Cuban American painter (born 1956)

Arturo Rodríguez (born 1956) is a Cuban-born American visual artist. He is a painter, but also works in other mediums including NFTs. He is best known for his psychologically charged, figurative paintings. He lives in Miami, Florida.

== Biography ==
Arturo Rodríguez was born on February 6, 1956, in Ranchuelo, Villa Clara Province, Cuba. In either 1971 or 1973, when he was a teenager his family moved from Cuba to Asturias and Madrid in Spain; followed by a move in 1973 or 1976 to Miami, where they settled. He attended Miami Dade Community College (now Miami Dade College). In his early career he used the pseudonym Hierommus Fromm to illustrate children's books.

He met his future wife at an art opening at Meeting Point Gallery in Miami in 1978, artist Demi, whom he married in 1984. His artwork is often influenced by his relationship with his wife.
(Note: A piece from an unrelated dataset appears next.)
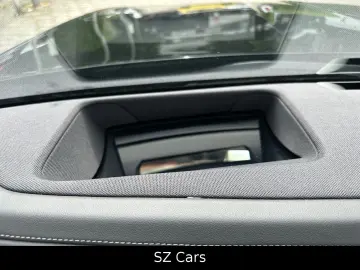 BMW 740 d xDrive M Sport HUD B&W PANO 360 KAM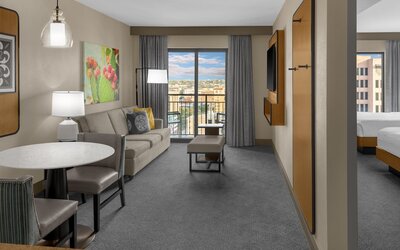 Embassy Suites San Antonio Riverwalk-Downtown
He is considered a self-taught painter.

His artwork is in public museum and art collections, including the Whitney Museum of American Art, the Metropolitan Museum of Art, Smithsonian American Art Museum, the Israel Museum, Norton Museum of Art, Cintas Foundation, Bass Museum, Perez Art Museum Miami, Polk Museum of Art, Center for the Arts in Vero Beach, Tampa Museum of Art, Museum of Art Fort Lauderdale, Lowe Art Museum, Gulf Coast Museum of Art, Boca Raton Museum of Art, the Frost Art Museum, Museum of Latin American Art, and the Miami-Dade Public Library System.